Dalam konteks melakukan antisipasi, kementerian ketenagakerjaan harus melibatkan kementerian, lembaga, dan instansi lain. Ada kementerian luar negeri, kementerian dalam negeri, kementerian hukum dan HAM, BP2MI, kepolisian, dan yang lainnya. 

Khusus kemenkumham, kiranya perlu mengantisipasi agar tidak ada oknum yang mengurus paspor untuk PMI ilegal. Sebab, kepemilikan paspor ini pastilah menjadi  modal utama mereka berangkat. Tanpa paspor, tidak mungkin mereka berangkat.

"Ini memang sulit dan sensitif. Tetapi kalau pemerintah sunguh-sungguh, pasti bisa diantisipasi. Jangan sampai ada kesan bahwa petugas imigrasi justru ikut memfasilitasi."

Ia berharap tindakan antisipasi segera dilakukan. Alasannya semakin lama ditunggu, akan semakin banyak kasus yang akan terjadi. Sehingga lebih baik diantisipasi sedini mungkin sesuai semangat dibalik lahirnya UU No. 18/2017. 

Penekanannya adalah pada perlindungan, bukan penempatan. Kalau perlindungannya bisa maksimal dan prosedural, barulah diberangkatkan.

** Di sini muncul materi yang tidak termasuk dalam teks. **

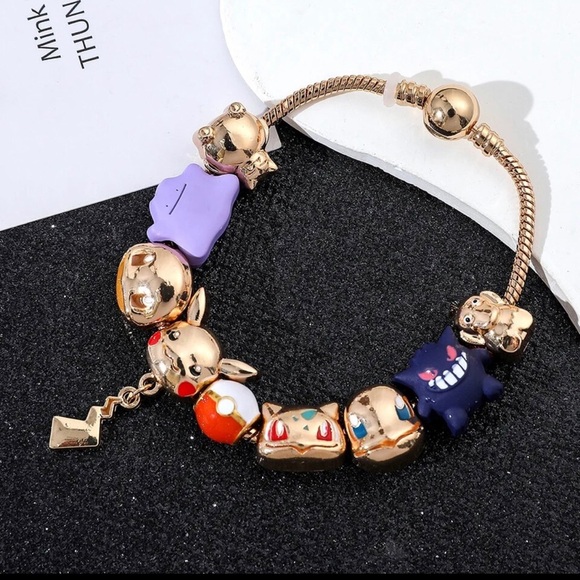 Gold Plated Pokemon Themed Charm Bracelet Adjustable Sizing Design - Picture 7 of 8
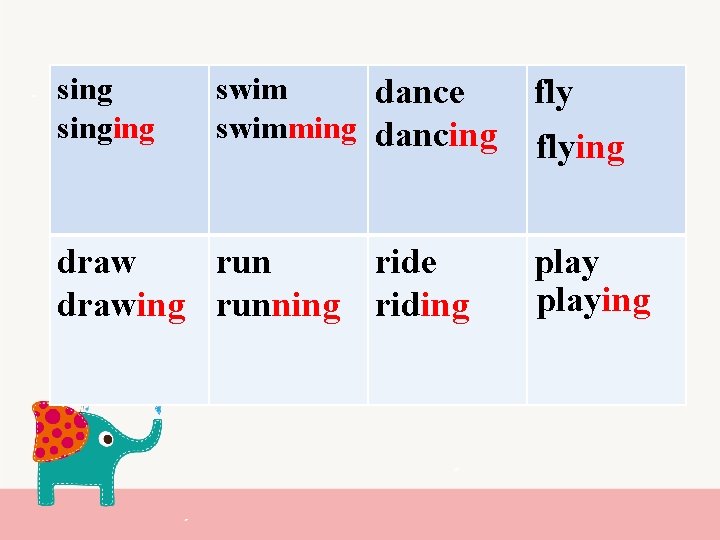 singing swim dance swimming dancing draw run ride drawing running riding flying playing 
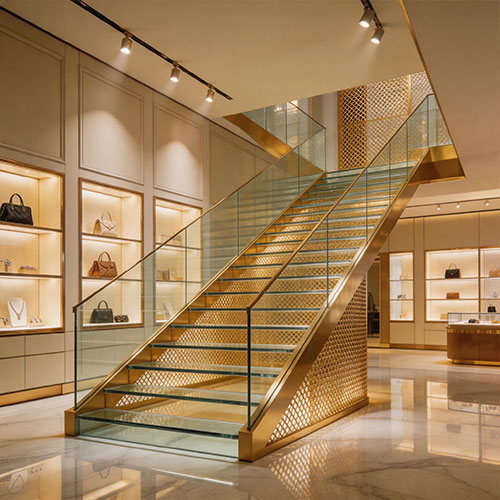 Decorative Gold Metal Mesh Laminated Glass Stairs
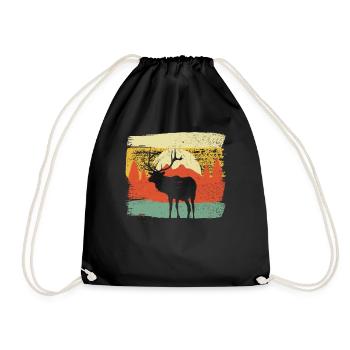 Vintage Deer Retro Huntsman Hunter - Drawstring Bag - black - Front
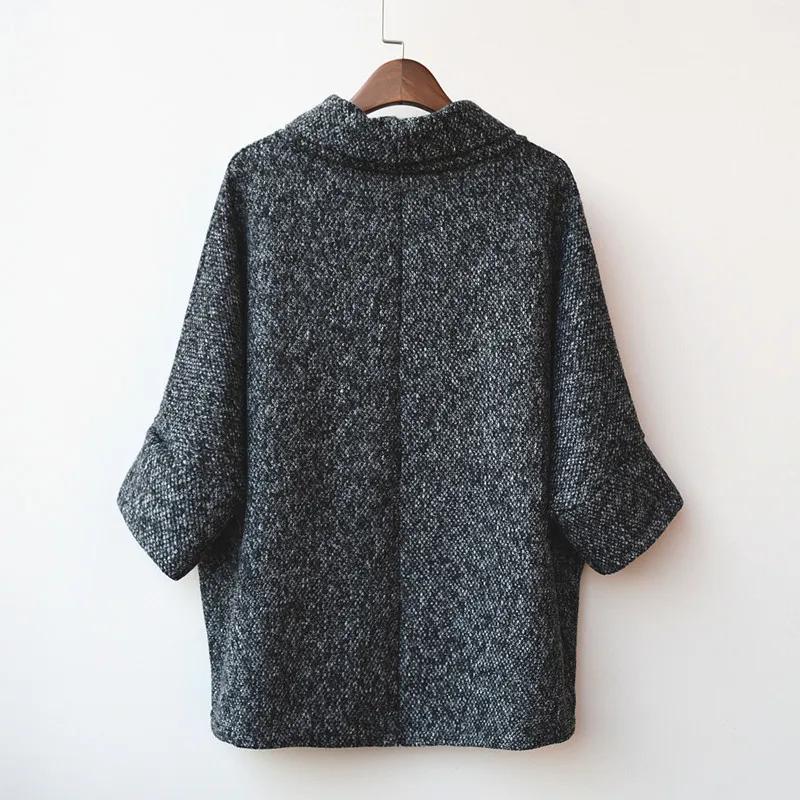 Spring Women's Loose Bat Shirt Jacket Three-quarter Sleeve Pullover Half Turtleneck Knitted Top
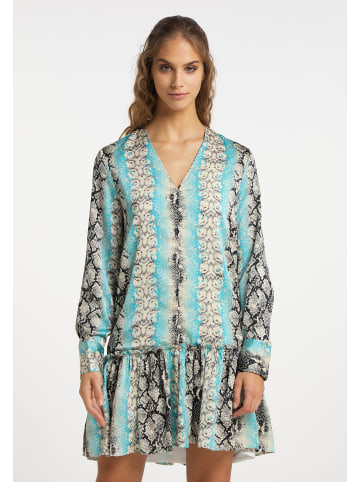 IZIA Damen Kleid Mit Reptilprint in Blau Mehrfarbig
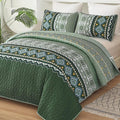 WONGS BEDDING Green Quilt Set Queen Size,3 Pieces Boho Bedspread Coverlet Set,Soft Bohemian Bedding Set Queen for All Season 96"×90"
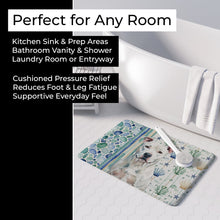 Load image into Gallery viewer, White American Staffordshire Terrier Coastal Sea Glass Memory Foam Kitchen Mat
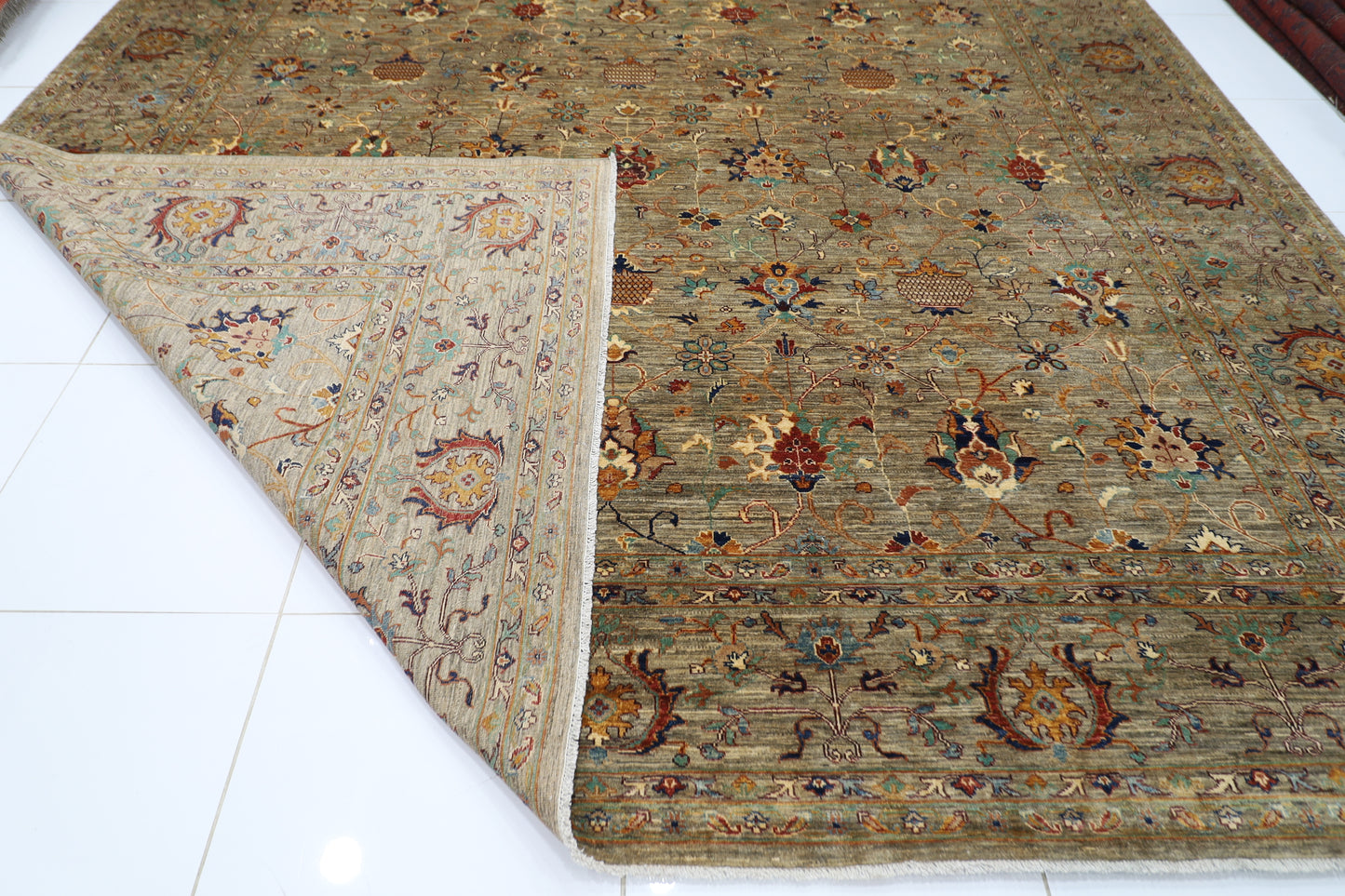 371 x 527 cm | Sultani Grey Afghan Hand Knotted Carpet Large Size Carpet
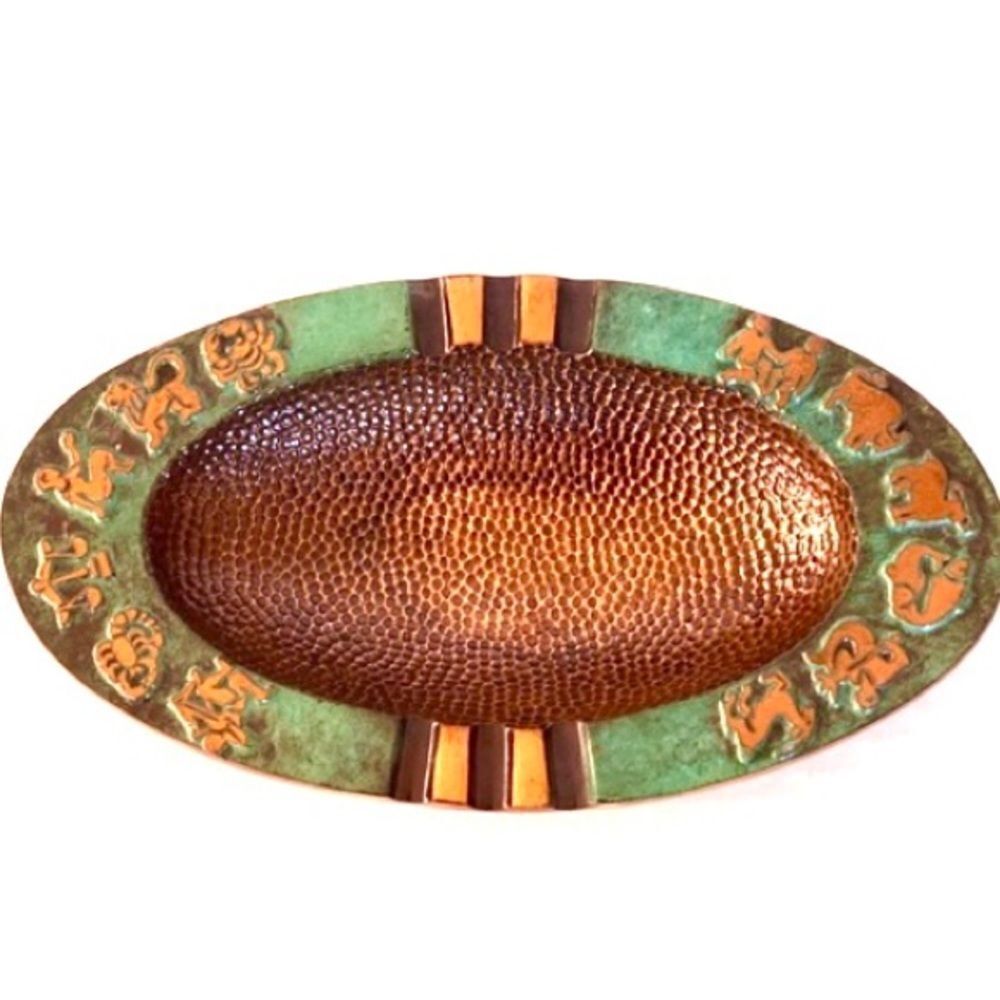 Vintage Oppenheim 1865 Brass ZODIAC Ashtray Oval Green UNIQUE Astrological Dish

"Pemerintah harus bertanggung jawab dalam menangani persoalan PMI ini. Perasaan kita sangat miris jika mendengar bahwa jumlah PMI kita di negara-negara lain tidak pasti. Hanya dugaan saja. Di Malaysia diduga sekian juta, di timur tengah diduga sekian juta, di negara lain diduga sekian, dan seterusnya. Masa negara besar seperti Indonesia tidak bisa mendata warganya di luar negeri dengan baik? Berarti ada yang salah di sini. Utamanya pada pemberangkatan PMI ilegal dan non-prosedural. Harus dibenahi dari aspek ini".